How goes it?  It goes well with me, thanks for asking.  I haven’t posted in a while but that’s a good thing because the acting is going well and that tends to keep you busy.  Getting some good roles which I will elaborate on at a later time.  Right now I simply want to comment on the latest topical shitstorm pervading the Facebooks: Toronto Police unloaded on some kid with a knife who didn’t pose an immediate threat to them.  That use/abuse (depending on your POV) of lethal force can be viewed here.  Predictably, people have flocked to the police’s side or the side of the victim/perp,

Sammy Yatim_2
Sam Yatim.

Now obviously Sam Yatim wasn’t dressed like this nor was he a small child at the time police shot him.  Why then am I posting this picture?  Well, because as I scrolled through my newsfeed this picture caught my eye as it was the cover photo of a story relating to the shooting.  I felt this was kind of low; we witnessed this same sort of chicanery with Trayon recently, with his advocates posting pics of him as a child

Trayvon-Martin

to demonize his killer and now we see it happening again.  I don’t mean to take up the cause of the police and George Zimmerman here but posting these pics is no better than posting pics of Trayvon throwing up gangs signs as if the fact that he took some goofy pictures justifies his death.

Needless to say, both sets of pics miss the point.

Ultimately these pics only have relevance if one mires themselves in the limited debate of shooter vs. shot, reasonable vs excessive force, etc.  This is a pointless debate and my only evidence for this statement is that this is the debate on the mainstream news.

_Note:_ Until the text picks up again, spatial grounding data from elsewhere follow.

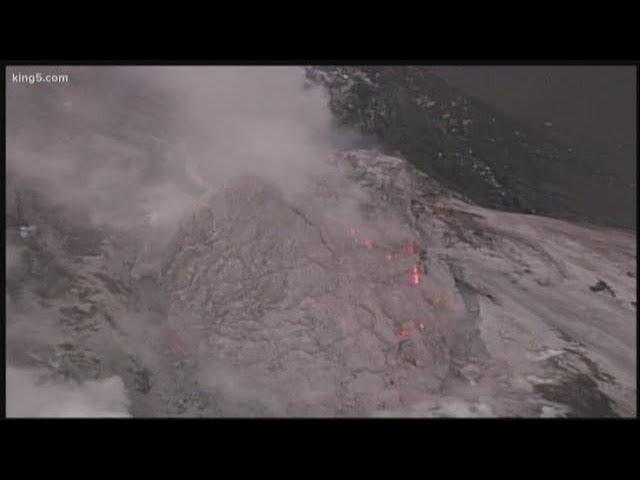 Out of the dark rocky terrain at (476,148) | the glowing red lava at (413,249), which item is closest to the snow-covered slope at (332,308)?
the glowing red lava at (413,249)

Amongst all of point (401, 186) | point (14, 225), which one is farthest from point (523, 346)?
point (14, 225)

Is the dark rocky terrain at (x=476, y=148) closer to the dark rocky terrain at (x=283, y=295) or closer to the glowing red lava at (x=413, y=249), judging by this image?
the dark rocky terrain at (x=283, y=295)

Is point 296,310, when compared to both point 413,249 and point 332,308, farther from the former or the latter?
point 413,249

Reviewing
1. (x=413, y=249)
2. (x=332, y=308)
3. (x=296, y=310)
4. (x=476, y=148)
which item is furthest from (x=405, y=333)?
(x=476, y=148)

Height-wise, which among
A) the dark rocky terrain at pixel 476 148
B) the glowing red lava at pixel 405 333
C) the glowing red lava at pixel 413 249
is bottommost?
the glowing red lava at pixel 405 333

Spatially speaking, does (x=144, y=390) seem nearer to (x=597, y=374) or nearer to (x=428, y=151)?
(x=428, y=151)

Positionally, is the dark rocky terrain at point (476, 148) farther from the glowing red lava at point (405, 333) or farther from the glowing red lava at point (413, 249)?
the glowing red lava at point (405, 333)

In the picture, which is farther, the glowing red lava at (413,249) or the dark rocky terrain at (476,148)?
the glowing red lava at (413,249)

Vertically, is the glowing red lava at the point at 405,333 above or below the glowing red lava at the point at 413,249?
below

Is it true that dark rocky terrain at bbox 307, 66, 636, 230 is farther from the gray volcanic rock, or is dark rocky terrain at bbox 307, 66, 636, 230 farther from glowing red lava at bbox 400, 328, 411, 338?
glowing red lava at bbox 400, 328, 411, 338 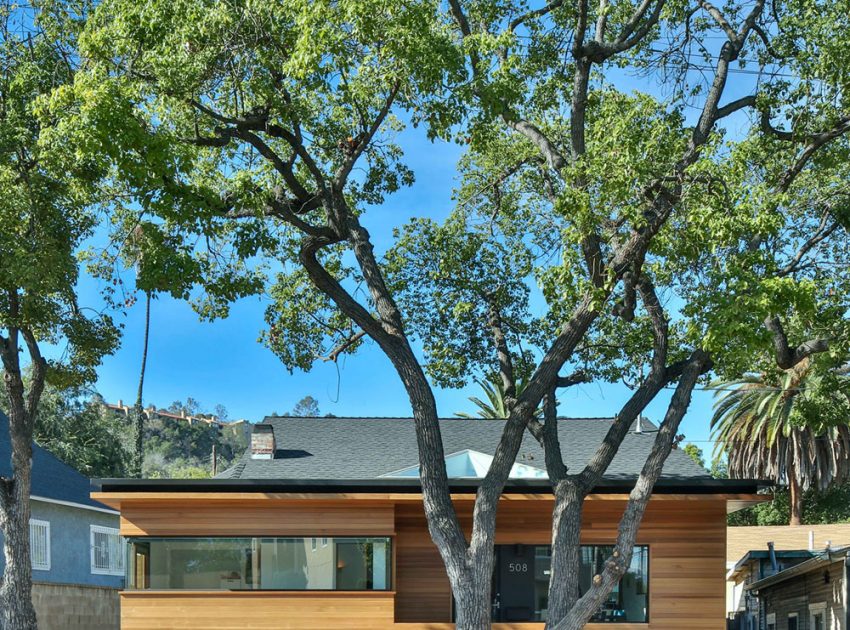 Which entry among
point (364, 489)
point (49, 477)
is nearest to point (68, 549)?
point (49, 477)

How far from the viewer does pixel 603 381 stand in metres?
17.9

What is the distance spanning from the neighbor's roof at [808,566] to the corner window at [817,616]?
60cm

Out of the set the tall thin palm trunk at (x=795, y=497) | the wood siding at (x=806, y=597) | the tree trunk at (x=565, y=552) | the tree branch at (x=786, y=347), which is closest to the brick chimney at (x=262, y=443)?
the tree trunk at (x=565, y=552)

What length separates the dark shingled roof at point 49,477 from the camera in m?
24.2

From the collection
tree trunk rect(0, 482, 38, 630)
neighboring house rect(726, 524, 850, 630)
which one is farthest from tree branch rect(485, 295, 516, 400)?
neighboring house rect(726, 524, 850, 630)

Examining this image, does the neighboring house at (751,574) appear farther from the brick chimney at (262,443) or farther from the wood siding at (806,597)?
the brick chimney at (262,443)

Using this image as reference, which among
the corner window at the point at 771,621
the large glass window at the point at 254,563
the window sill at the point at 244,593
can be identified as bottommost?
the corner window at the point at 771,621

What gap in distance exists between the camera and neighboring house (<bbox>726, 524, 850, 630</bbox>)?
81.3 ft

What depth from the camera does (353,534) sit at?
56.6 ft

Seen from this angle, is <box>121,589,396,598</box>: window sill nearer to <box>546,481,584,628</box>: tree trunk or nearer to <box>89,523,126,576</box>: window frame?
<box>546,481,584,628</box>: tree trunk

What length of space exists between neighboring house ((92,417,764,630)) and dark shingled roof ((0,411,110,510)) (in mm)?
7707

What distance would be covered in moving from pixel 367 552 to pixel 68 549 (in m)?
11.5

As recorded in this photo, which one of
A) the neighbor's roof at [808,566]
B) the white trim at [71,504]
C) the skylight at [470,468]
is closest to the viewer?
the neighbor's roof at [808,566]

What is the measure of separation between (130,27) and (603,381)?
9169 millimetres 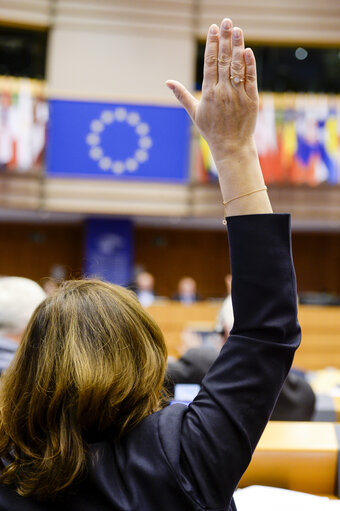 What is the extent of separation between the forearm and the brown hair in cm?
24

However, if one digs deeper these events can be mined for insight into the human condition.  I will endeavour to dig deeper:  Why does a childhood picture of an adult victim make us feel worse about their death?  I’m sure there are some genetic characteristics which make us more compassionate toward kid, but -wait, no, I’m being dishonest now.  That’s not really the line of inquiry I think is interesting.  What I find interesting is this:

normal_Pauly_Poo_as_a_kid

In case you’re curious, that’s a young Paul Bernardo, Canada’s most notorious murderer and rapist.  I doubt many feel any compassion for this guy and anyone posting his baby pics in an attempt to garner sympathy for him might actually face real physical harm (ironically, from well-adjusted people).  But I think it illustrates an interesting hypocrisy about which kids we are willing to forgive.  Advocates of Yatim play down the fact that he was carrying a knife (again, not choosing sides here) while the fact that Bernardo grew up in a physically and sexually abusive household was unknown to me and I had to look it up on Wikipedia.  But knowing that now, should we perhaps reconsider our round condemnation of Bernardo as evil?  Or perhaps abandon concepts like good and evil altogether?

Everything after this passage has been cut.